Requirement
Each record is to be printed again exactly, though not its pictures.

Image-caption web data
=== Section Start ===

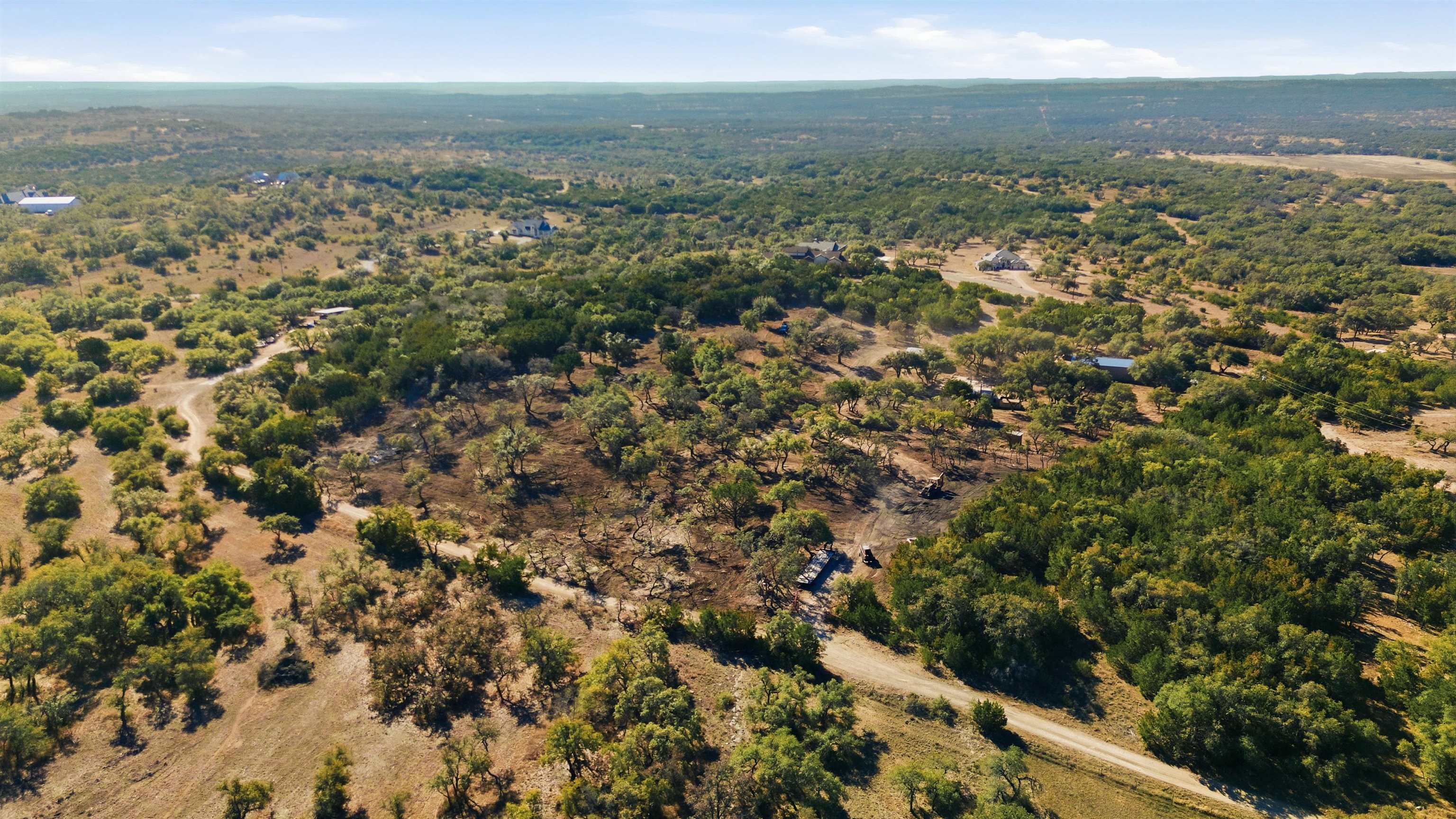 418 Polvado Round Mountain, TX 78663 - Photo 24 of 26 a view of city and mountain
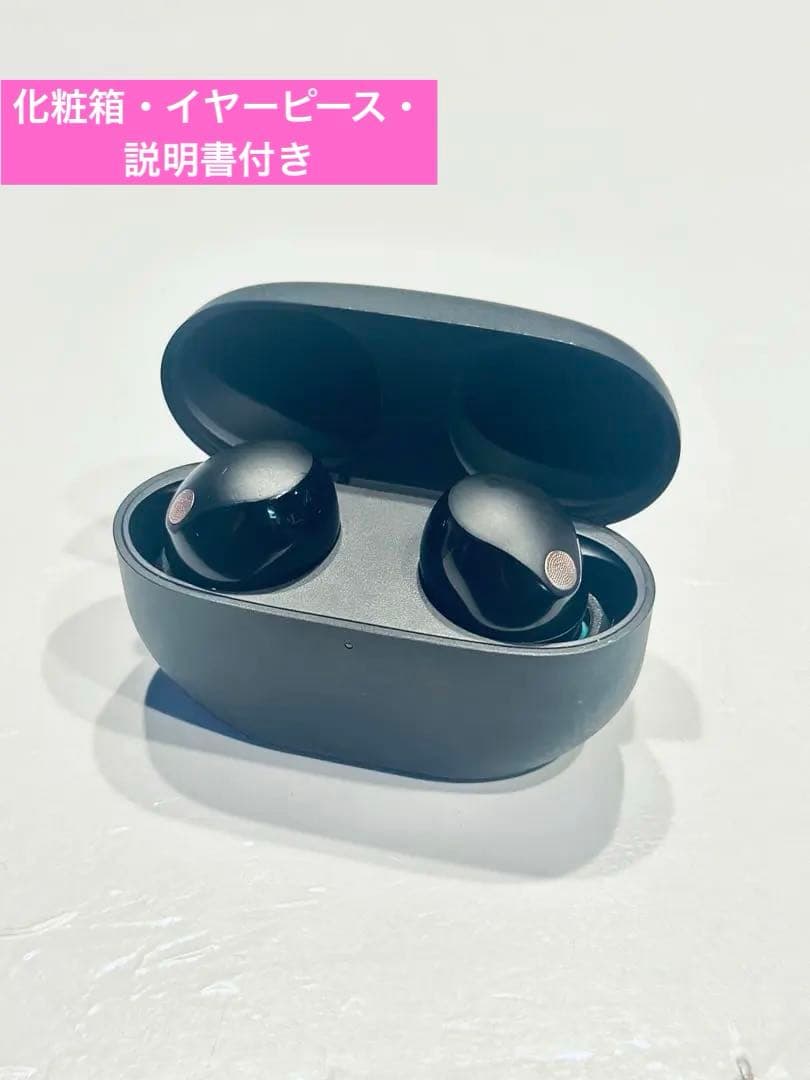 SONY WF-1000XM5 ブラック(ワイヤレスイヤホン) ノイキャン SONY（ソニー） 【在庫限り】SONY WF-1000XM5 ワイヤレスイヤホン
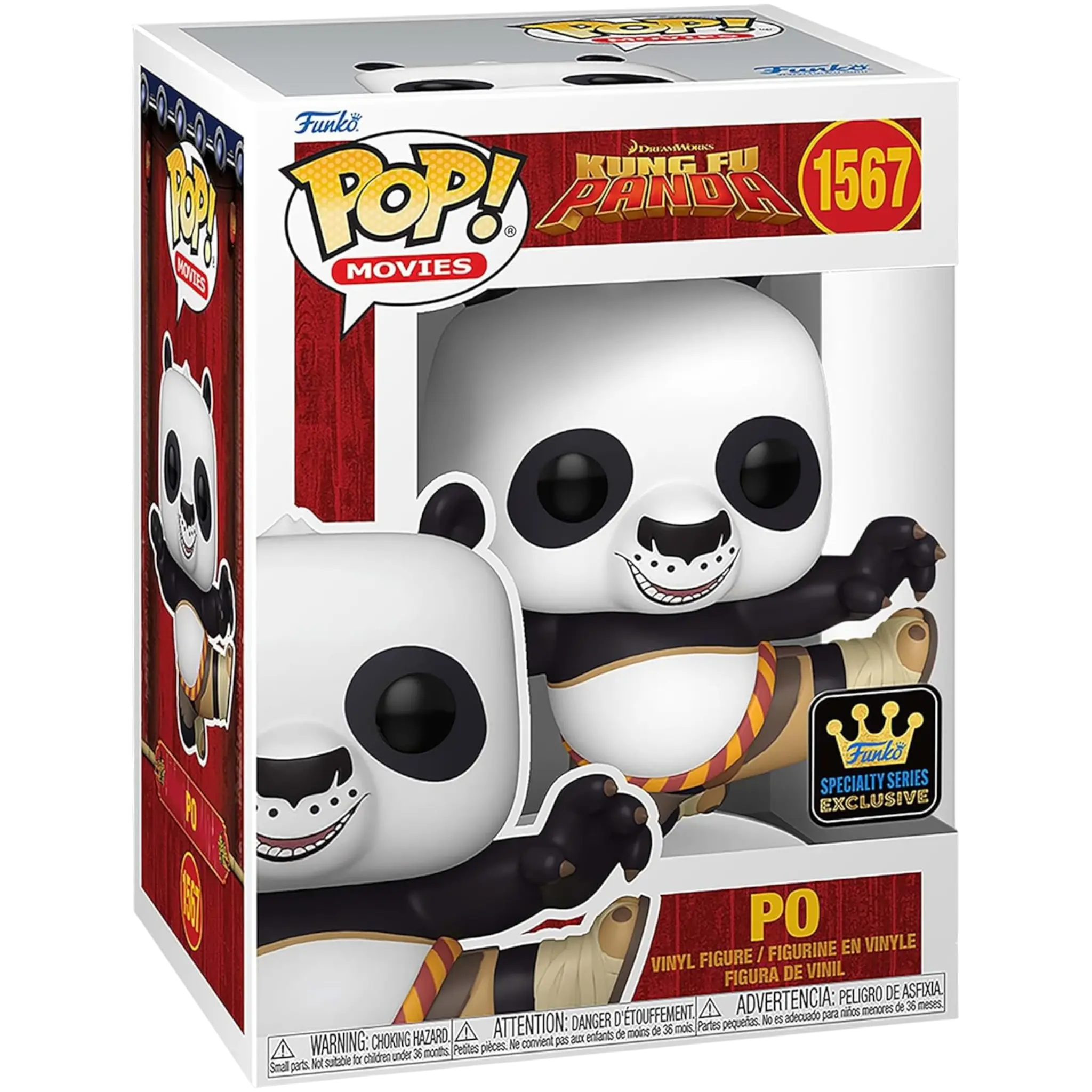 King Fu Panda - Po Funko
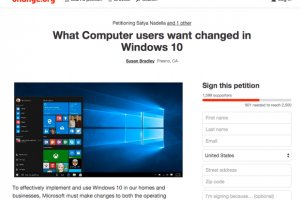 Windows 10: une ptition contre les mises  jour automatiques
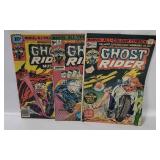 Ghost Rider 12, 14 & 19 British Covers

=== Section End ===

Output of the exercise
 418 Polvado Round Mountain, TX 78663 - Photo 24 of 26 a view of city and mountain
 SONY WF-1000XM5 ブラック(ワイヤレスイヤホン) ノイキャン SONY（ソニー） 【在庫限り】SONY WF-1000XM5 ワイヤレスイヤホン
 King Fu Panda - Po Funko
 Windows 10: une ptition contre les mises  jour automatiques
 Ghost Rider 12, 14 & 19 British Covers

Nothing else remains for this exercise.